Minneapolis:
Sixty people have been charged in a widespread magazine telemarketing scam that authorities say netted USD 300 million from more than 150,000 elderly and vulnerable people nationwide, the U.S. attorney’s office in Minnesota announced Wednesday. U.S. Attorney Erica MacDonald called the scam the largest elder fraud scheme in the country.
MacDonald said the 60 defendants face a host of charges, including conspiracy, mail fraud, wire fraud, and violating the Senior Citizens Against Marketing Scams Act of 1994. The defendants are from 14 states and two Canadian provinces. “Unfortunately, we live in a world where fraudsters are willing to take advantage of seniors, who are often trusting and polite. It’s my hope that this prosecution is a call for vigilance and caution,” MacDonald said in a statement.
The indictments and other court documents say that over the last 20 years, the defendants used a network of dozens of fraudulent magazine sales companies and telemarketing call centers to carry out the scam.

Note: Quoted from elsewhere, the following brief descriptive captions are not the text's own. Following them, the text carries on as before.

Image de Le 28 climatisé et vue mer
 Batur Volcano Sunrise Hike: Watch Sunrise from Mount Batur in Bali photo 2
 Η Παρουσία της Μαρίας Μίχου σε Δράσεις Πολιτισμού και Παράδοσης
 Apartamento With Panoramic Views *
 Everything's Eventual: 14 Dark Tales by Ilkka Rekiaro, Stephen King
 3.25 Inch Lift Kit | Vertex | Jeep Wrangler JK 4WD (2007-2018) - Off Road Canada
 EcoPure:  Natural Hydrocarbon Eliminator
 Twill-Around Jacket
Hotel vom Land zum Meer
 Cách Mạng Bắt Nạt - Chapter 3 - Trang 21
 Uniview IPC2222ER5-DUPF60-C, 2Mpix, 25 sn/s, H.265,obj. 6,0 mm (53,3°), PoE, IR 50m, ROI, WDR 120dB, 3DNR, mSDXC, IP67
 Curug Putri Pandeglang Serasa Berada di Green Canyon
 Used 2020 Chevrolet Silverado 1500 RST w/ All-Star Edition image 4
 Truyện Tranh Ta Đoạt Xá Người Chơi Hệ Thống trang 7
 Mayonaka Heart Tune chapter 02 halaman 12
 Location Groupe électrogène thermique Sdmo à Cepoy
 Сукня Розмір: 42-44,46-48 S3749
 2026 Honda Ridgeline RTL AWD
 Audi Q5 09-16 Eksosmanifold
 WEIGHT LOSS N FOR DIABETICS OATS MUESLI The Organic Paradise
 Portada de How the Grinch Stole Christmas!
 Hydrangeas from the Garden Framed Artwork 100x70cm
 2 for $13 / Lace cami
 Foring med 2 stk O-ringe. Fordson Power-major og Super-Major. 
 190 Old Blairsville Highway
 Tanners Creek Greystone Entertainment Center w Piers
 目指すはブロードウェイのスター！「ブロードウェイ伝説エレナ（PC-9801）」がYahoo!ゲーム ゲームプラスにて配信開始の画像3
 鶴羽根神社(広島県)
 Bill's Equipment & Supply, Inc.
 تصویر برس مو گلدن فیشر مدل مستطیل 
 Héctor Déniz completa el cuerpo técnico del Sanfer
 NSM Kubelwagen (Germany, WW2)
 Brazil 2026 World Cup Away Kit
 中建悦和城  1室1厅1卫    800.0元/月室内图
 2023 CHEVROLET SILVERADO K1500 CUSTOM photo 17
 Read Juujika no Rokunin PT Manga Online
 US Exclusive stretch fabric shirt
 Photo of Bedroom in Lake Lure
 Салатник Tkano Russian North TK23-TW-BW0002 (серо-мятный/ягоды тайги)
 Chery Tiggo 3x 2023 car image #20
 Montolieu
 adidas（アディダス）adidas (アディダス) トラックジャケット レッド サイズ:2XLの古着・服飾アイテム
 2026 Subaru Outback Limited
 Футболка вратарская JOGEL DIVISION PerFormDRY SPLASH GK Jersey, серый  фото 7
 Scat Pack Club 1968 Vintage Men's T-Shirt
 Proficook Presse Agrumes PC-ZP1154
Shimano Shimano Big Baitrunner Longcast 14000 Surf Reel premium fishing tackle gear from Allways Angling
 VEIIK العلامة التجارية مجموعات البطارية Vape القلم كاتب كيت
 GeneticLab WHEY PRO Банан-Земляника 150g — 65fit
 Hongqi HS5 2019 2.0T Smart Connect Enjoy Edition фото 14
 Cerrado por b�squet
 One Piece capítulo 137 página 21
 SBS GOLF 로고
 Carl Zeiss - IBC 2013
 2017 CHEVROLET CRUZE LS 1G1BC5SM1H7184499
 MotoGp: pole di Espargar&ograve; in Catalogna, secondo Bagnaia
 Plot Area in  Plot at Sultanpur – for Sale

Employees allegedly used deceptive sales scripts to trick people into making large or repeat payments to the companies.
The indictments allege that many of the defendants used a fraudulent “renewal” script in which the telemarketers falsely claimed to be calling from the victim’s existing magazine subscription company with a phony offer to reduce monthly subscription costs. In reality, the callers had no existing relationship with victims and signed them up for expensive, new magazine subscriptions. As a result, consumers ended up having multiple subscriptions with fraudulent magazine companies.
“Using a tactic like telemarketing magazine sales, these deceitful scam artists bilk hard earned money from their aging victims – leaving so many financially devastated in their retirement years and without recourse for recovery,” Michael Paul, the FBI’s special agent in charge in Minneapolis, said. Some of the defendants are also accused of using a “cancellation” script that targeted people who had been previous victims.
According to the indictments, these defendants took advantage of victims’ desperation to make the subscriptions stop and offered to consolidate and cancel existing subscriptions and pay off an alleged “outstanding balance” in exchange for a large lump sum payment. In reality, victims owed no money. The indictments charge defendants at all levels of the alleged conspiracies, including people who allegedly led the scheme, company owners, call center managers, telemarketers and others.
Those who led the scheme provided the companies software programs that tracked orders, sales, and other customer information. The U.S. attorney’s office says the fraudulent companies were operating in Minnesota, Florida, Georgia, Mississippi, California, Iowa, Kansas, Missouri, Illinois, Colorado, Arizona, New Mexico, North Carolina, and Arkansas.